Глинда удивленно моргнула.
— Ну, справедливое замечание.
— Но даже если не переходить на оскорбления в их адрес, у всех подчиненных Салем имелись собственные интересы, – продолжил Жон. – Синдер желала получить могущество, Воттс тоже чего-то хотел… Возможно, славы. Хазелу требуется месть, а Тириан просто безумен и поклоняется Салем. Сама по себе она никого из них не интересует, так что легко могу представить ее беспросветное одиночество. Как только настороженность прошла, Салем вообще не умолкала, словно я являлся первым ее собеседником за тысячу лет.
Вполне возможно, так оно и было. Вряд ли ей с настолько примечательной внешностью удалось бы появиться в человеческом обществе, а бесконечная война с Озпином предотвращала любые контакты между ними.
Сомнительно, чтобы подобная жизнь приносила ей удовольствие. Даже если бы Салем искренне хотела уничтожить человечество, удовлетворение она бы получила только после выполненной работы. А когда результата не видно тысячелетиями, невольно начнешь оглядываться на куда более счастливые времена, желая вернуть их или просто всё глубже и глубже погружаясь в воспоминания.
— Наверное, именно поэтому она и вела себя настолько пассивно, – пробормотал Жон. – Потерялась в воспоминаниях и годами не находила в себе сил ни на что другое, не говоря уже о войне с человечеством. Бывали такие промежутки времени, чтобы вообще ничего не происходило?
— Да, – тяжело вздохнул Озпин. – Иногда наступали довольно странные года. Изредка даже десятилетия. Салем затихала и не делала совсем ничего. Я думал, что она строила планы, но… сейчас мне очевидно, что это было не так. Такие периоды вовсе не оканчивались каким-нибудь неожиданным ходом с ее стороны – просто в боевых действиях наступал перерыв. Полагаю, так и выглядят симптомы депрессии, да? Полное отсутствие желания что-либо делать?

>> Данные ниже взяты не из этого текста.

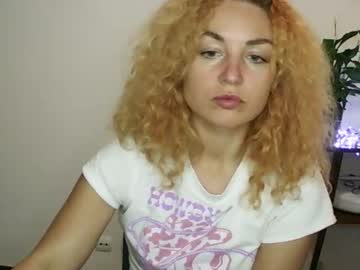 Reddgirll stream photo from February 01, 2025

— Один из симптомов. Далеко не у всех и не всегда имеется их полный набор, – пояснил Жон, на секунду задумавшись, прежде чем спросить: – Ты сам-то когда-нибудь впадал в депрессию?
— Что?..
— Я вовсе не пытаюсь подвергнуть тебя психоанализу. Мне нужно выяснить, встроили ли Боги в свое проклятье какую-нибудь защиту, которая сделает мою теорию совершенно бессмысленной.

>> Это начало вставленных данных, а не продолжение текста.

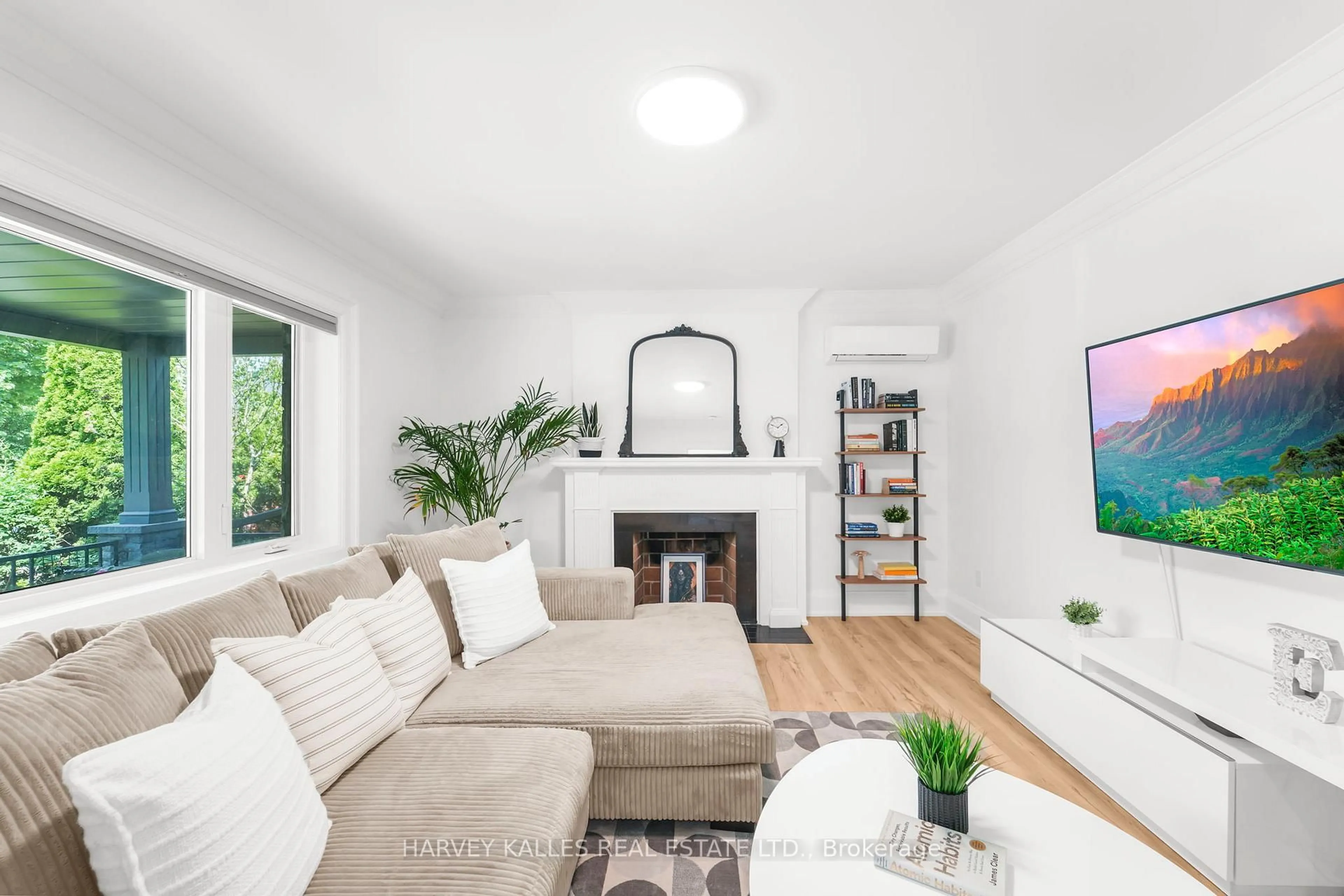 Living room with furniture, unknown for 243 Northcliffe Blvd, Toronto Ontario M6E 3K8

— Хм-м, – задумчиво протянул Озпин, облизав губы. – Нет, никакой защиты в меня не встроили. И да… временами очень хотелось сдаться. Пожалуйста, не надо делать из этого какие-либо выводы. Просто в моей жизни бывали триумфы и провалы – как и у любого человека, прожившего достаточно долго. На каждое десятилетие счастья обычно приходится пара десятков лет печали, когда друзья стареют и умирают.
— У тебя хотя бы имеются друзья, – заметила Глинда. – И сколько бы боли они ни приносили, это всё равно гораздо лучше, чем их полное отсутствие.
— Да, наверное, так и есть. Годы счастья и воспоминаний стоят той боли, которую я испытываю от факта их смерти. Сотни раз повторялось одно и то же. Потому я и обращаюсь к памяти о них в те моменты, когда…
Он внезапно замолчал, после чего шепотом добавил:
— Ой…
В его голосе прозвучала такая неуверенность, что Жон счел необходимым положить ладонь ему на плечо.
— Теперь я, кажется, понял, о чем ты говоришь, – произнес Озпин. – Я понял, почему Салем с ностальгией вспоминает о нашей с ней совместной жизни, пусть даже сейчас мы являемся врагами…
Наступила тишина, которую никто из присутствующих не спешил нарушать.
С одной стороны, им сложно было посочувствовать той, кто намеревалась разрушить их дома и лишить жизни. С другой же, злость на Салем вряд ли могла помочь выполнить поставленную перед ними задачу.
— Звучит вполне правдоподобно, – наконец произнес Айронвуд. – Но что нам теперь с этим делать? Я дипломированным психологом вовсе не являюсь, хотя и знаю, что депрессия не зря считается весьма распространенной проблемой. Вылечить ее достаточно сложно, а соответствующие медикаменты, как мне кажется, вряд ли подействуют на Салем.
— Жон продолжит проводить консультации, – сказал Озпин, причем с таким нажимом, словно опасался услышать в ответ отказ.
Жон просто кивнул, тем самым заставив его выдохнуть с облегчением.